Use this page if you want to: turn a transliterated word like PO-ME into ποιμήν ("shepherd")
and its full LSJ entry; look up any of the 211 signs with its Bennett number and sound value;
load the whole DAMOS corpus (~5,900 tablets) and slice it by scribal hand, site, or object
class; or check a tablet's stated total against its items.
import aegean
from aegean.scripts.linearb import word_to_phonetic, greek_reading
aegean.registered_scripts() # ['cypriot', 'cyprominoan', 'greek', 'lineara', 'linearb']
word_to_phonetic("QA-SI-RE-U") # 'kwasireu' (gʷasileus, the ancestor of βασιλεύς)
greek_reading("PO-ME") # ('ποιμήν', 'shepherd')| Task | Python | CLI |
|---|---|---|
| Look up a sign | get_script("linearb").sign_inventory |
aegean sign linearb KA |
| Transliteration → sound | word_to_phonetic("WA-NA-KA") |
— (via bridge) |
| Read a word as Greek | greek_reading("PO-ME") |
aegean bridge linearb po-me |
| Full dictionary entry |
greek_reading → aegean.greek.gloss(lemma)
|
see Greek NLP |
| Load the full corpus | aegean.load("damos") |
aegean info damos, aegean stats damos
|
| Slice by scribal hand | corpus.filter(scribe="117") |
aegean load damos --scribe 117 |
| Profile every hand | scribal_hands(corpus) |
— |
| Check a tablet's total | balance_check(doc) |
aegean balance linearb |
| Bring your own corpus | load_epidoc_corpus(path) |
PYAEGEAN_LINEARB_CORPUS=… |
The inventory is built from the Unicode Character Database — the Linear B Syllabary and Ideograms blocks — so it is authoritative and freely licensed (see Data & Provenance). It holds 211 signs:
Class (attrs.signClass) |
Count | What it is |
|---|---|---|
syllabogram |
74 | A sign with a phonetic value (ka, qa, za…) |
symbol |
14 | Still-undeciphered signs (no settled sound) |
ideogram |
117 | Commodity/object pictograms (grain, wine, MAN, EWE…) |
monogram |
6 | Composite ligatures |
| total | 211 | 123 of these are ideograms + monograms |
Every sign keeps its Bennett number (B077, B131) and its Unicode name; ideograms (and a
few monograms) also carry a commodity tag where one applies — 76 signs in all (70 ideograms +
6 monograms).
from aegean.core.script import get_script
inv = get_script("linearb").sign_inventory
ka = next(s for s in inv if s.label == "KA")

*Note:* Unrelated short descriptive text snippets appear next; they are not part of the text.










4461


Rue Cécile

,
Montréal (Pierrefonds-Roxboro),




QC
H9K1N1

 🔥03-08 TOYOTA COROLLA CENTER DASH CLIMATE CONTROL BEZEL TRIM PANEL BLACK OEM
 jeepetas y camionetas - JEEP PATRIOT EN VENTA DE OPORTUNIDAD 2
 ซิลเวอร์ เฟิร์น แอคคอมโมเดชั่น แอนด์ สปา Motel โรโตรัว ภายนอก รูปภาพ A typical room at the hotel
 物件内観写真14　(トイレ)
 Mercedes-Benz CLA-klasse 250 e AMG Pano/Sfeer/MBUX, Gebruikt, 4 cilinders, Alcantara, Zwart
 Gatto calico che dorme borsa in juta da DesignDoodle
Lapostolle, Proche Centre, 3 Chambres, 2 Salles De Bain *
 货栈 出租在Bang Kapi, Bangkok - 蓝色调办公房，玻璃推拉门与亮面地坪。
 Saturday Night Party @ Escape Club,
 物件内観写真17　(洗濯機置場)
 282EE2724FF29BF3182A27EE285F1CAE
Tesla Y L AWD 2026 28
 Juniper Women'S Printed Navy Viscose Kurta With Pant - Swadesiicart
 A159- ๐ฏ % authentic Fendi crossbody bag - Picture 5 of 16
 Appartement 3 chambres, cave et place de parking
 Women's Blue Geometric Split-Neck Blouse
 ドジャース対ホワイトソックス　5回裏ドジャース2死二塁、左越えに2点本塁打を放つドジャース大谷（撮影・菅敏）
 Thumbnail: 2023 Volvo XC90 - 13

ka.glyph, ka.phonetic, ka.attrs["bennett"] # ('𐀏', 'ka', 'B077')
# count by class
from collections import Counter
Counter(s.attrs.get("signClass") for s in inv)
# Counter({'ideogram': 117, 'syllabogram': 74, 'symbol': 14, 'monogram': 6})The same lookup is one command from the shell, in a human table or as JSON:
aegean sign linearb KA
# linearb sign KA
# ┌───────────────────┬───────────────────────────┐
# │ field │ value │
# ├───────────────────┼───────────────────────────┤
# │ label │ KA │
# │ glyph │ 𐀏 │
# │ codepoint │ U+1000F │
# │ phonetic │ ka │
# │ attrs.bennett │ B077 │
# │ attrs.unicodeName │ LINEAR B SYLLABLE B077 KA │
# │ attrs.signClass │ syllabogram │
# │ attrs.commodity │ None │
# └───────────────────┴───────────────────────────┘
aegean sign linearb QA --json
# {
# "label": "QA", "glyph": "𐀣", "codepoint": "U+10023", "phonetic": "kwa",
# "attrs": { "bennett": "B016", "unicodeName": "LINEAR B SYLLABLE B016 QA",
# "signClass": "syllabogram", "commodity": null }
# }You can also pass a single glyph instead of a label — aegean sign linearb 𐀏 finds KA.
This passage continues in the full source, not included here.